Image: mzgiaconte
A hacker group going by the name of Shadow Kill Hackers has infected the city of Johannesburg’s internal network with ransomware and is holding South Africa’s largest city for ransom.
The hackers are demanding 4 bitcoins to be paid by next Monday, October 28, 5 pm, local time, or they claim they’ll upload the city’s data on the internet.
“Your servers and data have been hacked,” the ransom note reads, according to reports from local media [1, 2, 3, 4] and a screenshot posted on Twitter.
“We have dozens of back doors inside your city. We have control of everything in your city. We also compromised all passwords and sensitive data such as finance and personal population information,” the note said.
Authorities responded by shutting down all the IT infrastructure, such as websites, payment portals, and other e-services. A breach was later confirmed via the city’s official Twitter account.

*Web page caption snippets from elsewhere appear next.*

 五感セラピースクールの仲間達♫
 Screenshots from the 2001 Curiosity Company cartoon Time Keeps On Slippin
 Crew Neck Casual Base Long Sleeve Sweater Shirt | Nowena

This is the second time in the past four months that the city’s network was hit by ransomware. In July, hackers installed ransomware on the city power provider’s network, leaving some residents without electricity for days.
Local media also reported that at the same time, several South African banks were hit by cyber-attacks attacks, and their services went down. Standard Bank and Absa were two of the five banks that were attacked by what appeared to be DDoS attacks.

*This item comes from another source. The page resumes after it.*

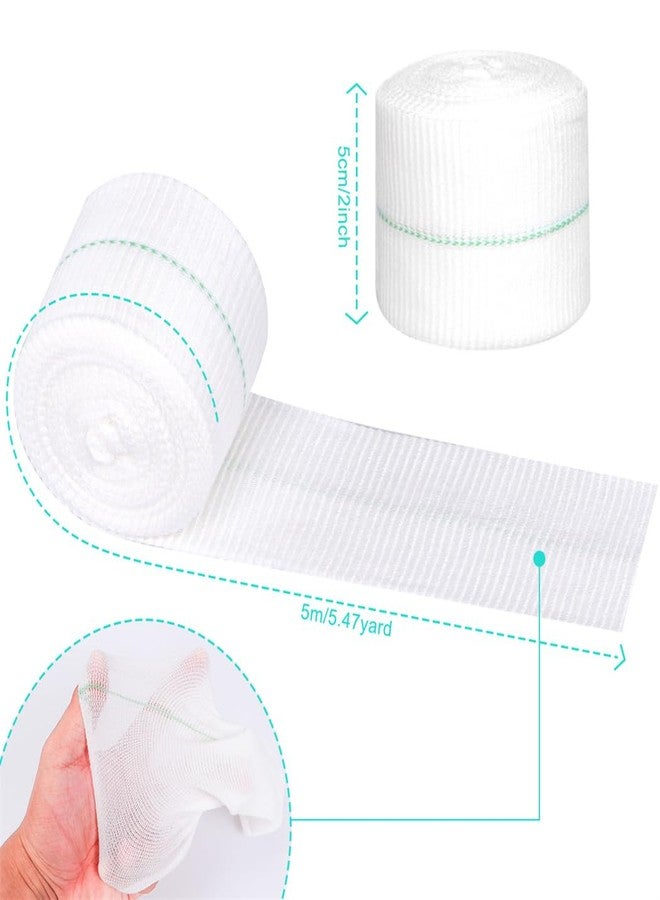 Yeasing Tubular Bandage Elasticated Tubular Bandages Washable Support Sprain Bandage Conforming Retention Bandages for Small Limbs Wrist Elbow 5CM X 5M - Image 2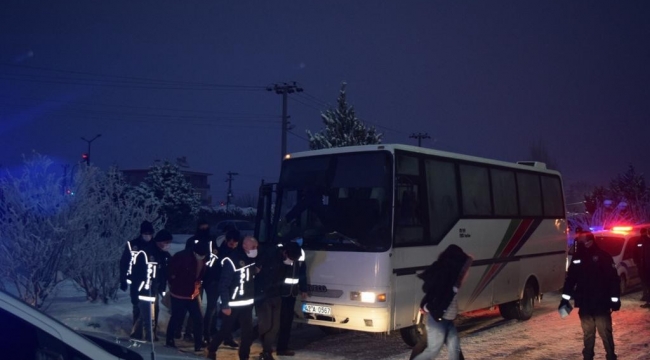 Konya'daki uyuşturucu operasyonunda 14 tutuklama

It is unclear if the attacks on the banks were carried out by the same Shadow Kill Hackers group.
As ZDNet reported yesterday, over the past week, financial institutions across the world have been getting hit by DDoS attacks and extortion demands. South Africa was one of the countries affected by these attacks, according to a spokesperson from Group-IB, a cyber-security firm that provides security services to financial institutions. The attacks on the South African banks might be a coincidence happening at the same time with the attack on the Johannesburg municipality’s network.
Article updated shortly after publication to reflect that this is a ransomware incident, and not a data breach, as initial evidence suggested.